Data provided:
☆ ☆ ☆ ☆

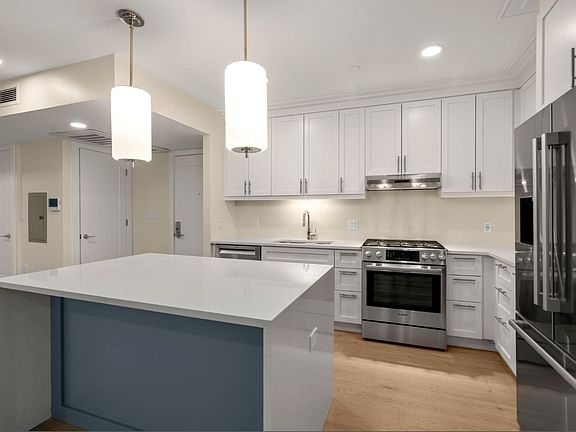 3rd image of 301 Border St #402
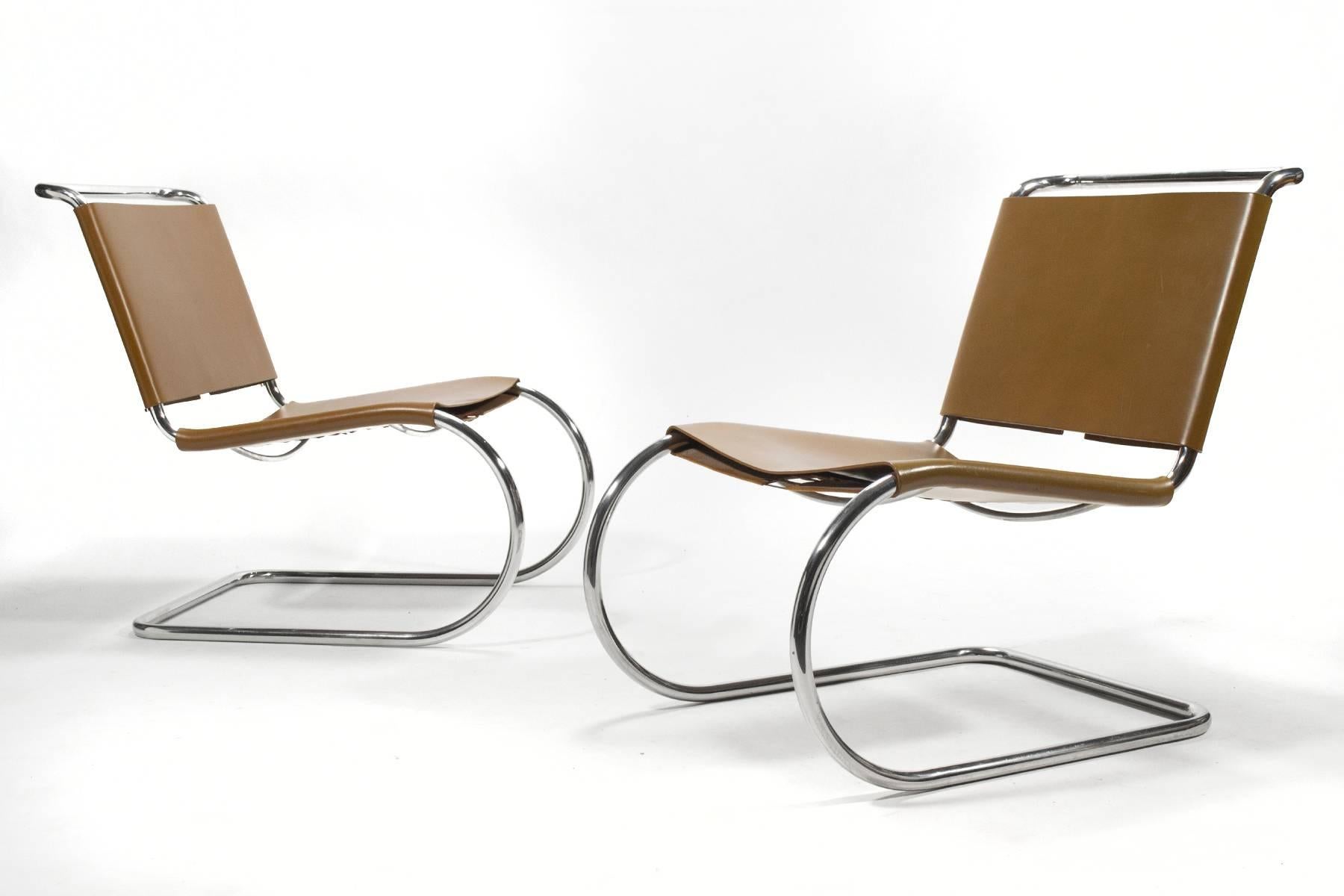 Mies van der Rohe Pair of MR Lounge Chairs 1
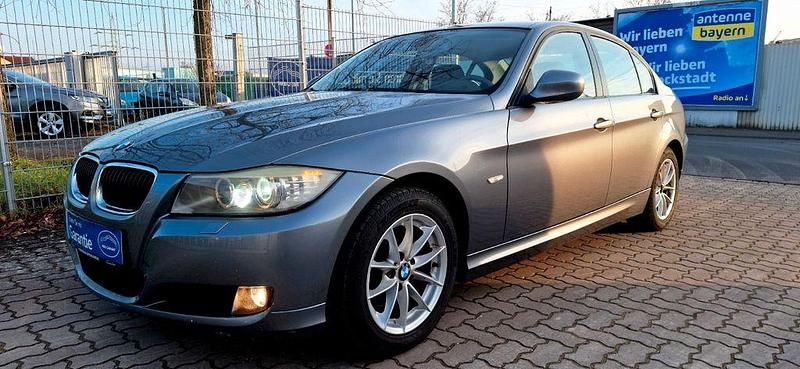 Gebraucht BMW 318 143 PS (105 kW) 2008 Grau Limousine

☆ ☆ ☆ ☆

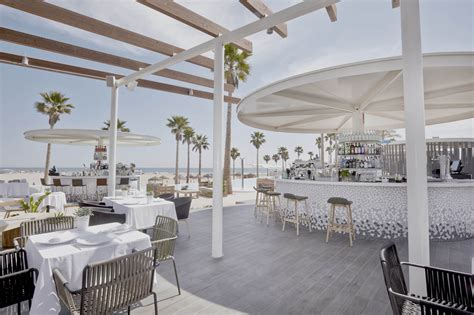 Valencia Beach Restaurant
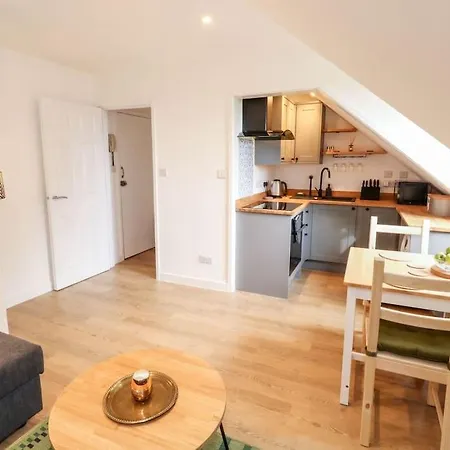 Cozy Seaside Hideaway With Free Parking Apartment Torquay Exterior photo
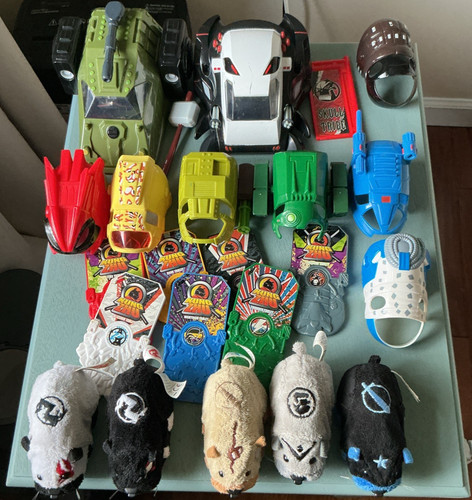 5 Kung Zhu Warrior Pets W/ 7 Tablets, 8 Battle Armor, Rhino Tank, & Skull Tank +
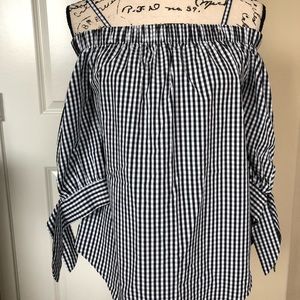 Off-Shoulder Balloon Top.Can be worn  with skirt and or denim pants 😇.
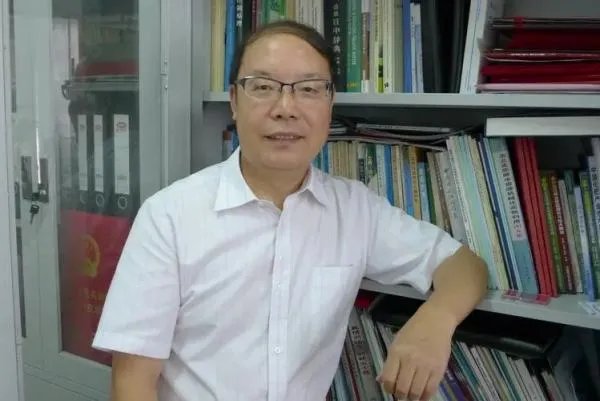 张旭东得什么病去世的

☆ ☆ ☆ ☆

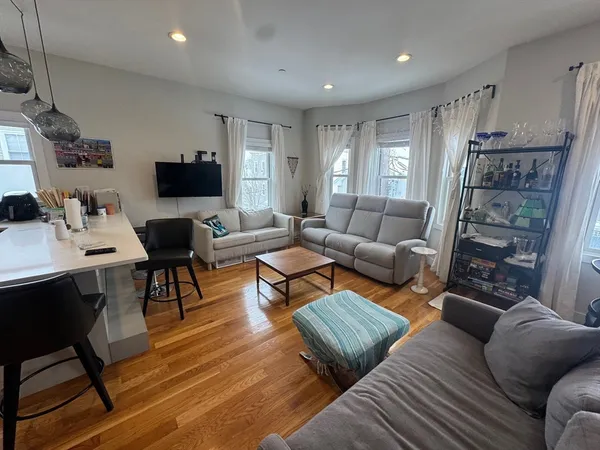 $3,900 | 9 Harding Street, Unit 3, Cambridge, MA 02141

☆ ☆ ☆ ☆

What to work on: Copy only the lines above from the one containing "3rd image of 301 Border St #402" through the one containing "Gebraucht BMW 318", both included. Leave out the pictures.

Result for this task:
 3rd image of 301 Border St #402
 Mies van der Rohe Pair of MR Lounge Chairs 1
 Gebraucht BMW 318 143 PS (105 kW) 2008 Grau Limousine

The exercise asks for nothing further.